» Activity
Within the entries below, please return exactly the lines from the one with "sun flower seeds" through the one with "green and brick house with green front yard", leaving out any pictures.

*** Materials provided ***

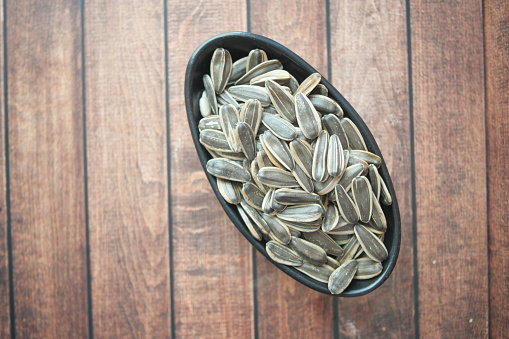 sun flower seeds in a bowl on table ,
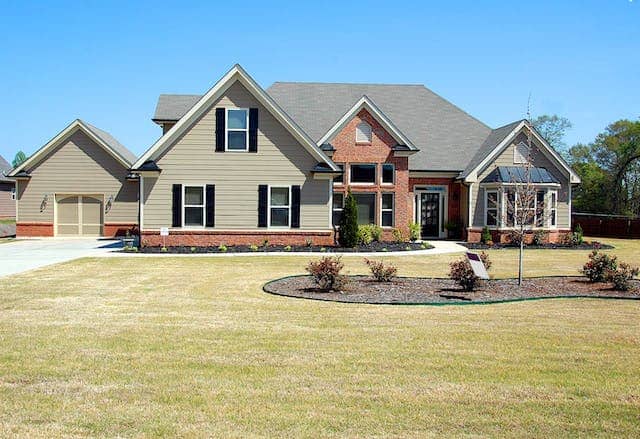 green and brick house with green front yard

***
*** Materials provided ***

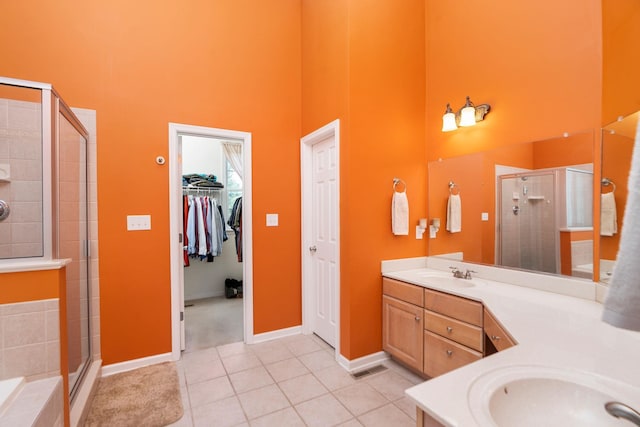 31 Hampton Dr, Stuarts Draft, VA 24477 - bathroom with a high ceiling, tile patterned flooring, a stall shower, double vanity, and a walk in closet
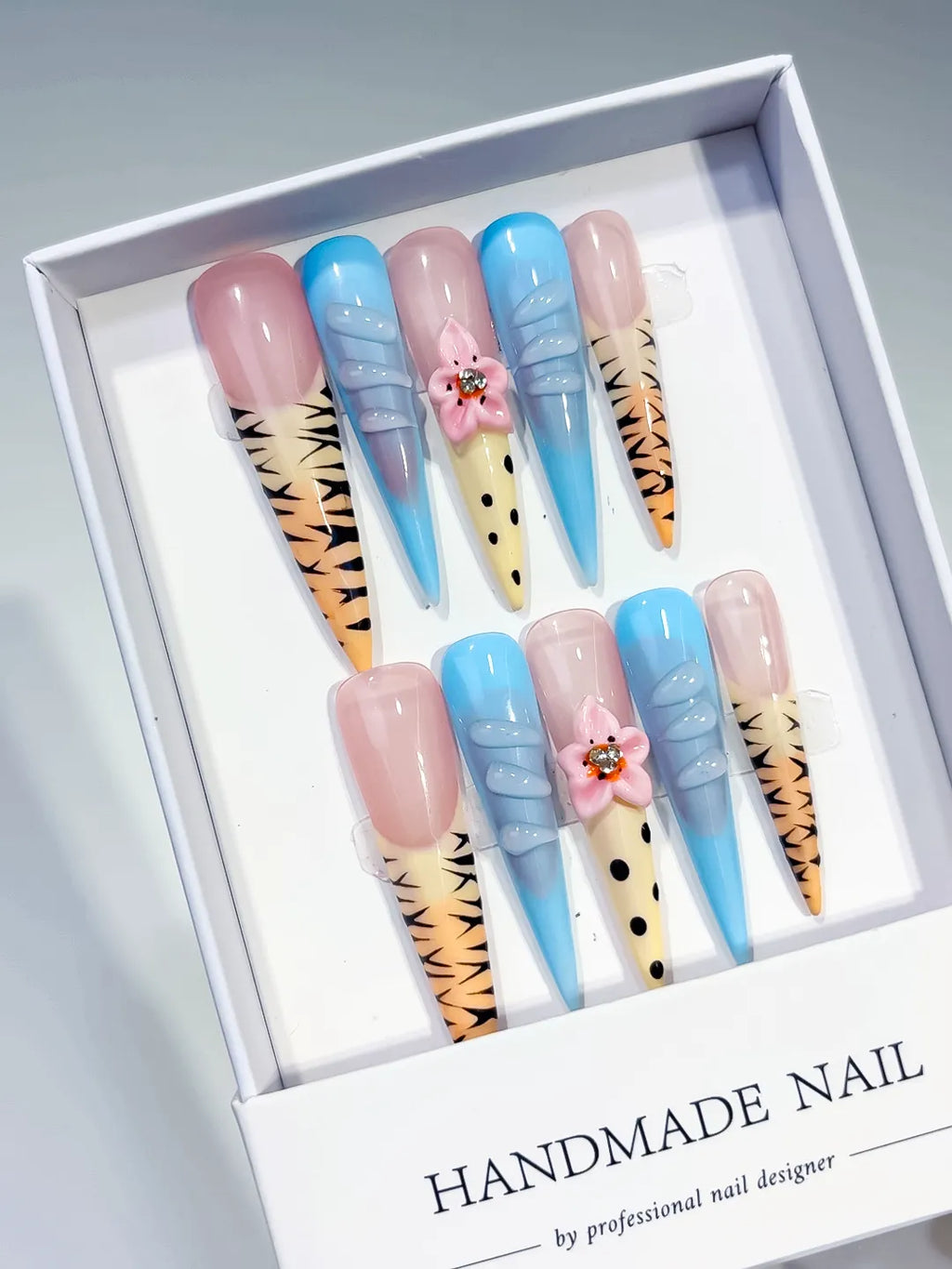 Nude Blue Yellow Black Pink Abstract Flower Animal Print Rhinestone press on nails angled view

***

» Solution for this problem
 sun flower seeds in a bowl on table ,
 green and brick house with green front yard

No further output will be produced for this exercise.